*** Opening Source data ***
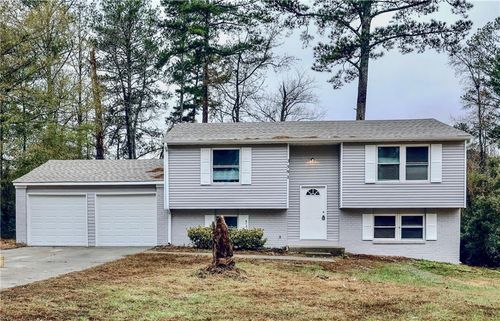 3591 Bramblevine Cir, Lithonia, GA, 30038-2913 | Card Image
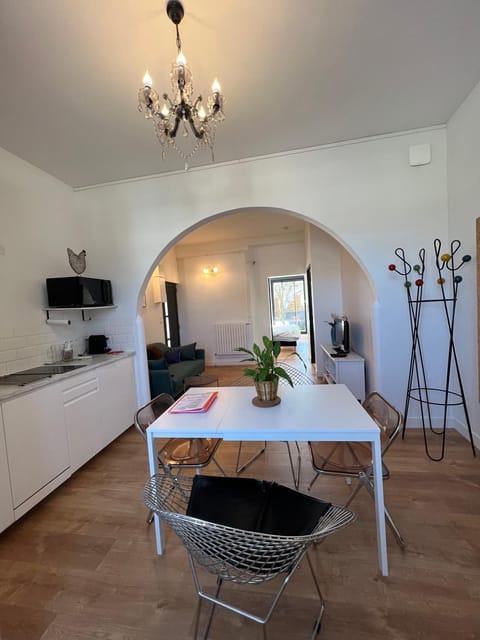 Kitchen or kitchenette, Dining area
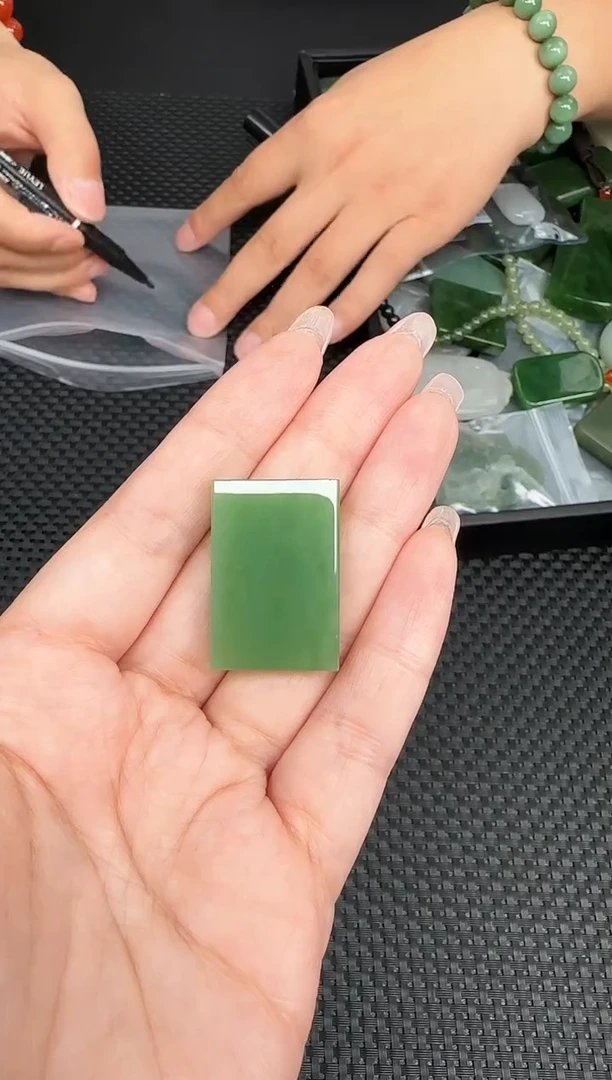 吊坠(不含链)未镶嵌和田玉小**?粉绿无事牌一个，多样性发一件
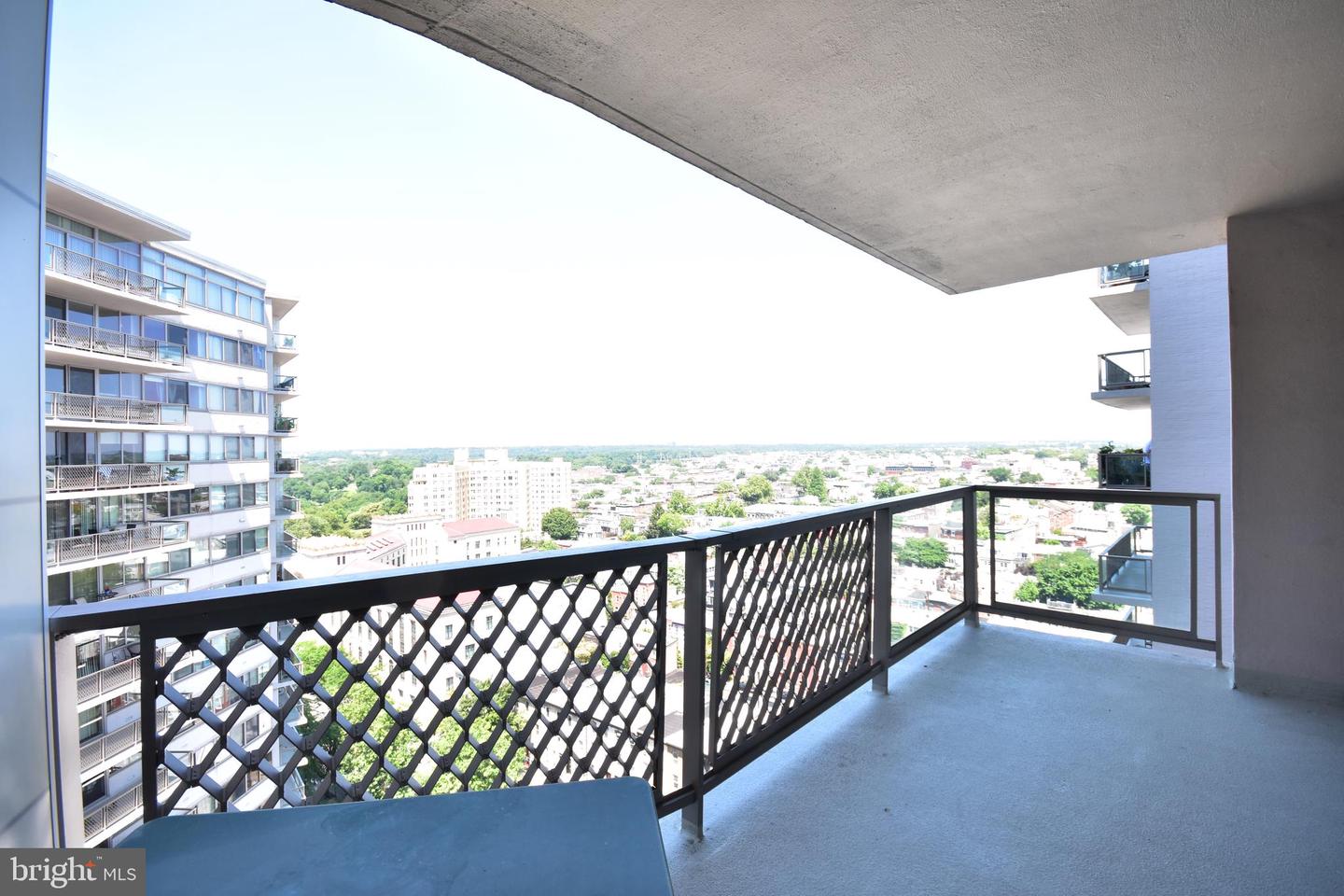 2401 Pennsylvania Ave #18b23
*** Closing Source data ***
» **What is required**
Write out all the data exactly, minus pictures.

» **Exercise solution**
 3591 Bramblevine Cir, Lithonia, GA, 30038-2913 | Card Image
 Kitchen or kitchenette, Dining area
 吊坠(不含链)未镶嵌和田玉小**?粉绿无事牌一个，多样性发一件
 2401 Pennsylvania Ave #18b23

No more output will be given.